Electrical Engineering PhD & Energy Science and Engineering Concentration, 2017
Dissertation Title: A Wide-area Analysis of Shifts in Electric Power System Generation Profiles and High-impact Event Scenarios
Mentor: Dr. Yilu Liu
Dissertation Description: Often cited as the largest machine in the world, the electric power grid is a complex system, integral to modern life. Continuous technology advancements over the past hundred years have delivered improvements to both the system itself, e.g., wide-area management systems (WAMS), as well as modeling capabilities in order to better understand how that system functions. Phenomena that could once be simulated only in small, localized settings can now be studied from a wide-area perspective.
There are two topics that wide-area modeling must address: the effect of generation portfolio changes on dynamic system response and the assessment and hardening of the grid against high-impact, interconnection-wide events.
The first topic is investigated through an examination of the dynamic response repercussions of the recent shift from coal-fired generation plants to natural gas turbines and the increase in low-inertia renewable sources.
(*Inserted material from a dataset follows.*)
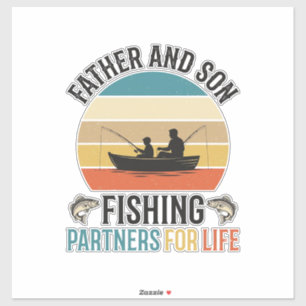 Adesivo Pai e Filho Parceiros de Pesca para a Vida Design_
The second topic is discusses using modeling and analysis of wide-area events include geomagnetically induced current (GIC) effects and high-altitude electromagnetic pulse (HEMP) components and impacts. Guided by the 2015 Fixing America’s Surface Transportation (FAST) Act, the scope of this analysis is extended to present a methodology to find the most critical elements for any given system and determine the minimum required spare large power transformer (LPT) reserve that should be available.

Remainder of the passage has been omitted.